A mudança na proposta da presidente veio depois de encontro com o vice, Michel Temer (PMDB-SP), e foi anunciada à noite pelo ministro Aloizio Mercadante (Educação). Antes, Dilma esteve com os presidentes do Senado, Renan Calheiros (PMDB-AL), e da Câmara, Henrique Eduardo Alves (PMDB-RN). "A convergência possível foi em relação ao plebiscito", afirmou Mercadante, citando a proposta apresentada à presidente por Michel Temer, com a qual os presidentes do Senado e da Câmara teriam fechado consenso.
Entre os itens que devem ser submetidos ao crivo da consulta popular estão o financiamento público de campanha e o voto em lista. Depois de a população opinar, o Congresso seria obrigado a votar lei implementando as decisões. Na noite de ontem, ao receber em seu gabinete os presidentes da Câmara e do Senado, Dilma afirmou que o importante, para o governo, é que a reforma política seja votada até outubro.

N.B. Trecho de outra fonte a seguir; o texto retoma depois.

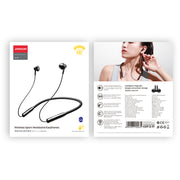 JR-D6 Bluetooth Magnetic Neckband Headphone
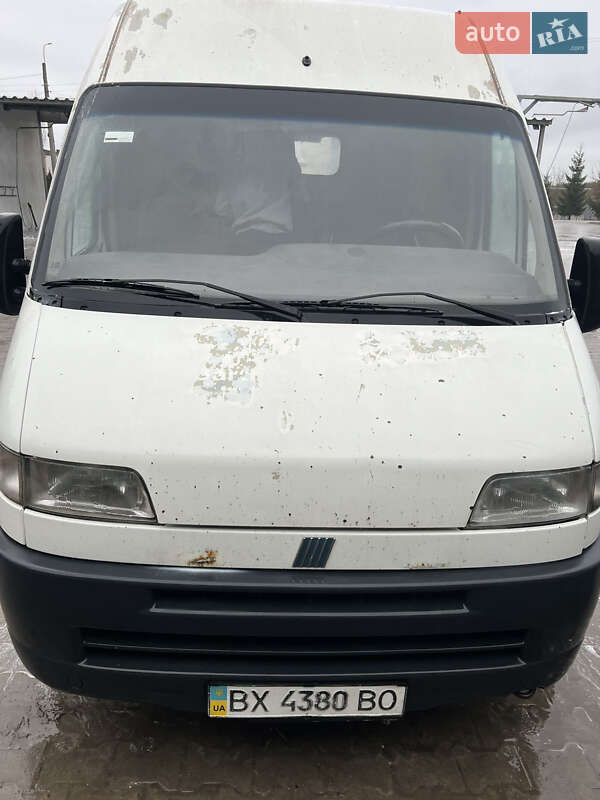 Грузовой фургон Fiat Ducato 2001 в Волочиске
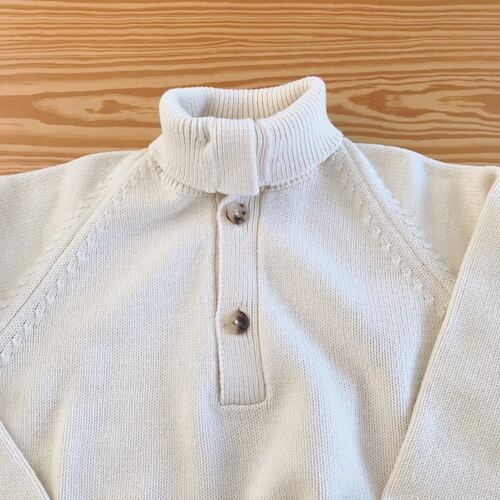 AURALEE・ハードツイストメリノニットビッグポロ | a flat shop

O Planalto quer que as novas medidas possam valer já para as eleições de 2014, quando Dilma deve concorrer a um segundo mandato. Mercadante disse que o governo vai consultar a presidente do Tribunal Superior Eleitoral (TSE), Carmen Lúcia, para definir qual o prazo limite para a realização do plebiscito. Nos próximos dias, a presidente vai chamar líderes governistas e da oposição para definir o formato do plebiscito, como também quais as perguntas a serem feitas.
O plano do Planalto é já no início de agosto fazer a campanha publicitária esclarecendo a população sobre o tema. O plebiscito ocorreria até o fim do mesmo mês, o que daria tempo para o Congresso votar a lei até 3 de outubro.
Polêmica
Na prática, a presidente deixou de lado a ideia da Constituinte exclusiva porque as reações contrárias não tardaram no Congresso desde que ela tocou no assunto com governadores e prefeitos. Nos bastidores, deputados e senadores se queixaram de não terem sido ouvidos por Dilma antes do lançamento da proposta.
Oficialmente, a justificativa dada foi a polêmica jurídica gerada pela ideia de convocar Constituinte específica e a falta de tempo para que o processo fosse finalizado antes de outubro. "Não temos tempo hábil para realizar uma Constituinte", afirmou Mercadante, que tem atuado como articulador político do Planalto.